Rolayo's Journal is the very interesting story of a young lady. It's a journal that showcases what she passes through- the fun times, the not-so-fun times, the temptations and the trials of her every day life. It's a journal being kept for her unborn child who she plans to call-"Kikelomo"....It's being featured on this blog occasionally on Tuesdays...or Thursdays. Just incase you missed the last journal entry you could catch up HERE
Here's the 39th journal entry...Enjoy!
Title: "Second Chances"
I remember I wrote about one of my admirers who overstepped his bounds on my first visit to his house. It turns out that his immediate sister is getting married really soon. He’s been decorating the social media with BEAUTIFUL pictures of his beloved sister and her equally handsome Boo.
Its been awhile since he and I have spoken sef. I miss him only a little. I plan to give him a call... Just to share in his joy, and let him know I remember him sharing his fears about having to let go of his sister (that was during the days when we talked everyday). When i told my friend about it, she was like, “Kai! Don’t call him!!”. I was just like, “Chill... It’s nothing. When we’re not enemies.”
I just thought about how interesting it would be to do a check on the men who were in my life this time last year, or 2 years ago. Recently, the proud and egotistical smarty-pants who had abandoned me for almost a year now just pinged me. I was irritated... So why the sudden opening of the “Book of Remembrance naaah!”
I think what has triggered this trip through memory lane is something we’re learning in my devotional, “God of second chances”. My first thought was that God is God- He can give second chances because amongst other things, He knows the future. He can forget totally about our past mistakes and give us a clean slate and start all over again. That’s a lot harder for us human beings, at least for me. There’s a lot of selfishness and self-protection involved in considering taking people back. I want to be like Jesus, you know, but at the same time, I don’t want to be a mumu. I don’t want to be taken for granted- but then, that’s pride speaking sha.

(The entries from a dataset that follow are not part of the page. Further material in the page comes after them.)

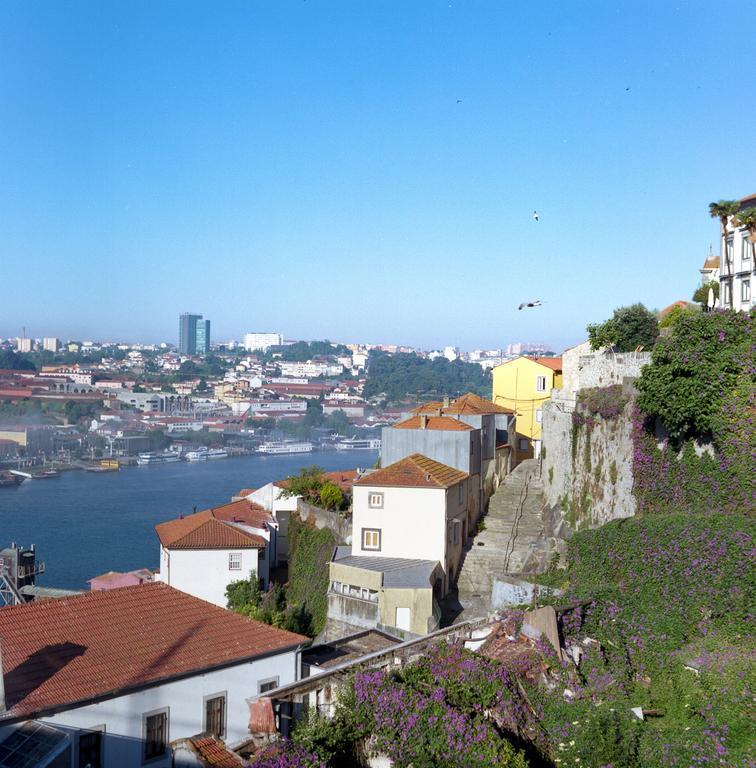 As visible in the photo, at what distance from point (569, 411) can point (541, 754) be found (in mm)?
10563

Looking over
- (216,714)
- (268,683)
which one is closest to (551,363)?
(268,683)

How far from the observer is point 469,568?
15.5 m

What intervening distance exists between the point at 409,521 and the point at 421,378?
123 m

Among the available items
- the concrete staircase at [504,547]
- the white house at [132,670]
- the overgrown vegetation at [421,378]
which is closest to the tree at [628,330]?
the concrete staircase at [504,547]

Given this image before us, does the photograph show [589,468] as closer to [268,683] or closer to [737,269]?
[737,269]

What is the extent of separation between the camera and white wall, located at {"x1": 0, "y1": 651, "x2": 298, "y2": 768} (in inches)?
282

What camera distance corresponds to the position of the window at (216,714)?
315 inches

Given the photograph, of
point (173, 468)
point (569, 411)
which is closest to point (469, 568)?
point (569, 411)

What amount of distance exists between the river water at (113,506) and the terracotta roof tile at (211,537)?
14677 mm

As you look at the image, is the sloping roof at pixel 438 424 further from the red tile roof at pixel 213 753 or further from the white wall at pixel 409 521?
the red tile roof at pixel 213 753

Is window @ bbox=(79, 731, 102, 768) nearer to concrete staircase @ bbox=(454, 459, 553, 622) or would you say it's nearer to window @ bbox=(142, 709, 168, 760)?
window @ bbox=(142, 709, 168, 760)

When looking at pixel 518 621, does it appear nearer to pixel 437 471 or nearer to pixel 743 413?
pixel 743 413

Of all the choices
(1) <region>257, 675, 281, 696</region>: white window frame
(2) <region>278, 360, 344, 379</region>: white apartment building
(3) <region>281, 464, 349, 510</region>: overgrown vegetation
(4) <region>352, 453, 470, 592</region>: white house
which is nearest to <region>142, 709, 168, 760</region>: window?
(1) <region>257, 675, 281, 696</region>: white window frame

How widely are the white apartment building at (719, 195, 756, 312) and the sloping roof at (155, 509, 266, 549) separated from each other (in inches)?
436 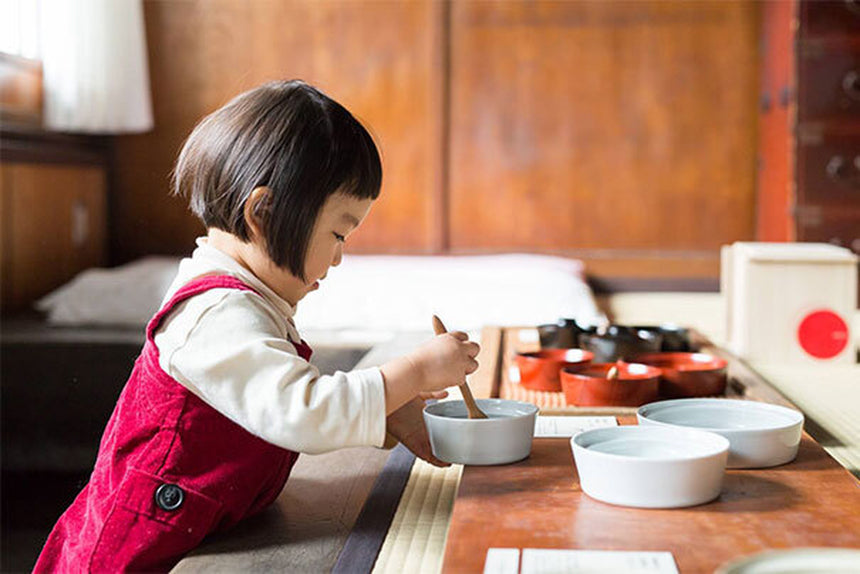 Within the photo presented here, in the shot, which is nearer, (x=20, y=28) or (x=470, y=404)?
(x=470, y=404)

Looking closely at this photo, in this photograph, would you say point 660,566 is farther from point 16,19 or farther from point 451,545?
point 16,19

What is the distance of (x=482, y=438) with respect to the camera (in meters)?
0.88

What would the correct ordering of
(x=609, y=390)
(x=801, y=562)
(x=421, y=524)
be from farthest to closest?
1. (x=609, y=390)
2. (x=421, y=524)
3. (x=801, y=562)

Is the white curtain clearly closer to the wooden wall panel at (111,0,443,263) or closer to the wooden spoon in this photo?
the wooden wall panel at (111,0,443,263)

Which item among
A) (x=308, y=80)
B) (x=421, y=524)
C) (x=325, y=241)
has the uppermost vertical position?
(x=308, y=80)

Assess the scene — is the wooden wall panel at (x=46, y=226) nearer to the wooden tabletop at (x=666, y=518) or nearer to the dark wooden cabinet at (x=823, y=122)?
the dark wooden cabinet at (x=823, y=122)

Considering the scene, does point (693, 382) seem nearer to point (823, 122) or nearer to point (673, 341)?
point (673, 341)

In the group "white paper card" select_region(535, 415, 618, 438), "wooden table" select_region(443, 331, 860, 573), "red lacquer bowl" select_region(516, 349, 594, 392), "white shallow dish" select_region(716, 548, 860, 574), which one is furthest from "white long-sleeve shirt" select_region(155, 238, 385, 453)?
"red lacquer bowl" select_region(516, 349, 594, 392)

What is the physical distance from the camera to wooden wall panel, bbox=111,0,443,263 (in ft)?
11.4

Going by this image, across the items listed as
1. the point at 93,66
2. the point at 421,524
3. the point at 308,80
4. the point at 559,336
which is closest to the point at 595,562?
the point at 421,524

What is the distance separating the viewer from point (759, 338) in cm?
172

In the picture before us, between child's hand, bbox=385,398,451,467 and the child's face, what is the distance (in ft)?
0.52

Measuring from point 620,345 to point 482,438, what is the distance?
59cm

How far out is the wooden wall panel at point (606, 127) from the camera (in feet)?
11.2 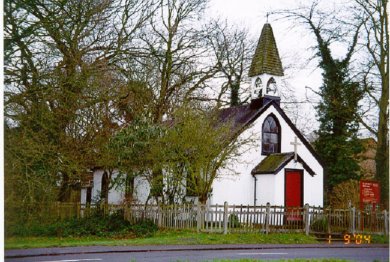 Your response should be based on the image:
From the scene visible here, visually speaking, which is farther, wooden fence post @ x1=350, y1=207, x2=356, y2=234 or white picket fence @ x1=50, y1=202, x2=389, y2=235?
wooden fence post @ x1=350, y1=207, x2=356, y2=234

So, what to do? Let’s be like Jesus- at least try. Let us be open to the divine work of forgiveness that He can put on display through us. It’s hard, I know. But we have to deal with the bitterness, resentment and disappointment that we feel towards this person, and move on. Every mistake we make, no matter how serious at the time, is all part of the learning curve to make us who we are. SO take notes on your own lessons, and make sure you continuously learn from everything that life throws at you. And I will remember always to never be too proud to give a second chance.